# Where is my Ancistrus?!



## soady (Nov 26, 2012)

Hello,

I have two ancistrus (dotted and albino) and *I haven't seen my albino ancistrus for days now*, even though I spend at least 2 hours a day starring at the aquarium.

*Where could he be?* This is my setup:










Could he be somewhere inside the cracks of the piece of wood I have? 
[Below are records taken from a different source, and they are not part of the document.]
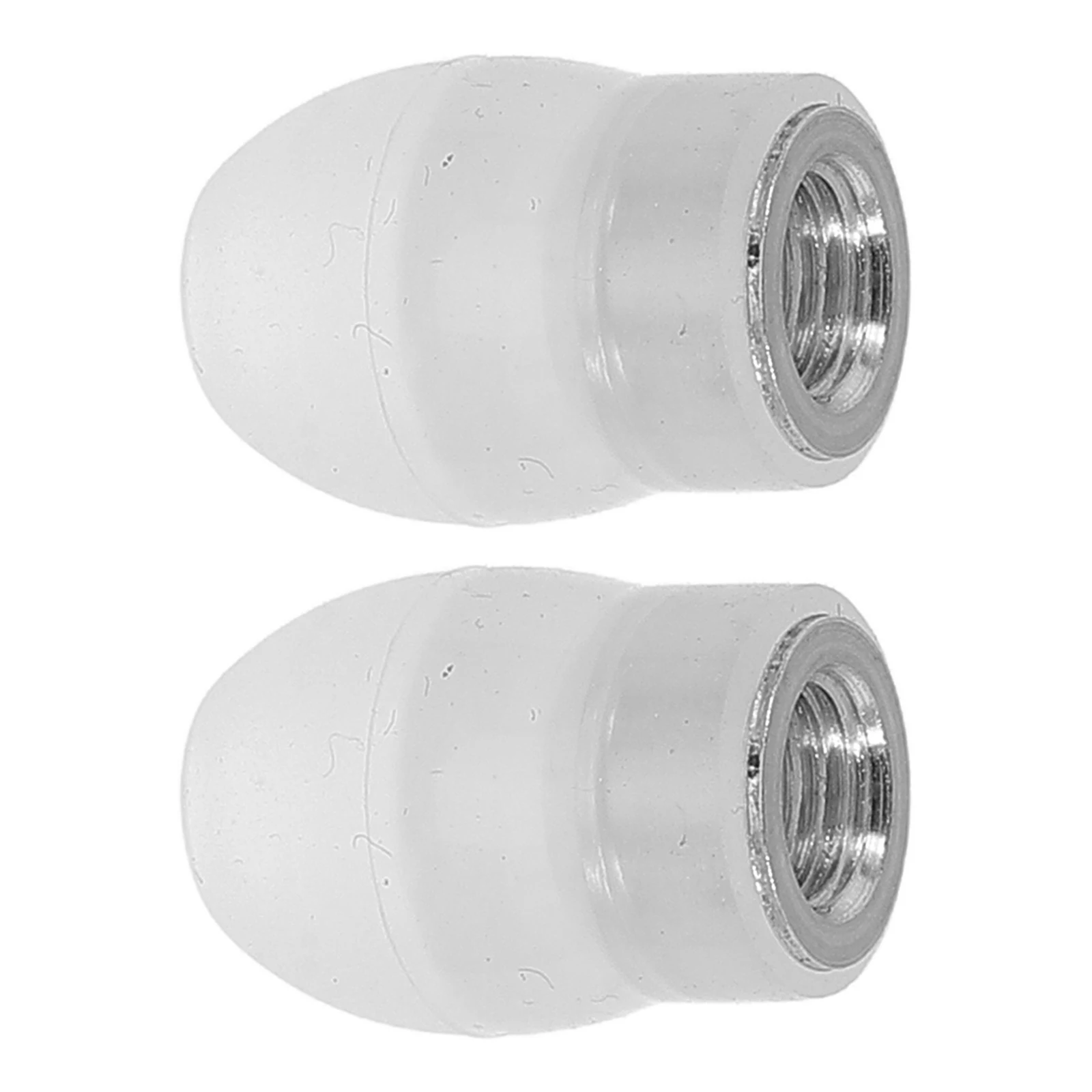 

2pcs Silicone Gourd Soft Earplugs Replacement Ear Tips Noise Reduction Comfortable Fit Medical Teaching Equipment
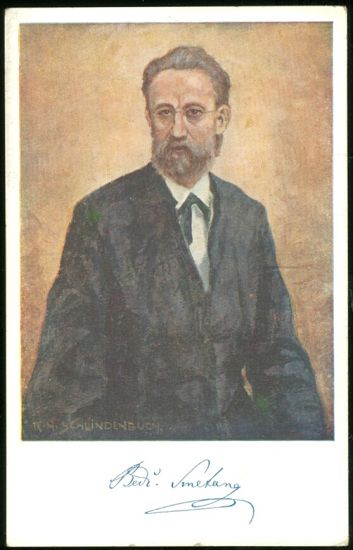 Bedrich Smetana | antikvariat - detail pohlednice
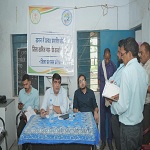 खनन प्रभावित ग्रामों को आदर्श ग्राम बनाने कलेक्टर कुणाल दुदावत ने शुरू की पहल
P.S. Once, when I was re-decorating my tank I lifted the wood and he was beneath it even though the wood is held by gravel.


----------



## monica12980 (Oct 24, 2012)

Welll, that sucks. Is your dotted ancistrus a lot bigger than your albino? he could've swallowed him, that happened with my guppies and goldfish. Let's see, he also could've went in the wood and didn't bother to come out, or something. My betta, May Rose, sleeps in a little castle decoration that's hollow and tipped over. Or your dotted one turned into a cannibal (highly unlikely)


----------



## soady (Nov 26, 2012)

Thanks for replying!

They are the same size. I actually saw him yesterday but only for a few minutes. His head was poking out and he was moving a bit, so I guess he just likes to get in deep...


----------



## jeaninel (Aug 24, 2007)

Most likely in the wood. That's where mine like to go. Yes, they can wedge in there pretty good. Lol
_Posted via Mobile Device_


----------



## soady (Nov 26, 2012)

jeaninel said:


> Most likely in the wood. That's where mine like to go. Yes, they can wedge in there pretty good. Lol
> _Posted via Mobile Device_



Thanks!


----------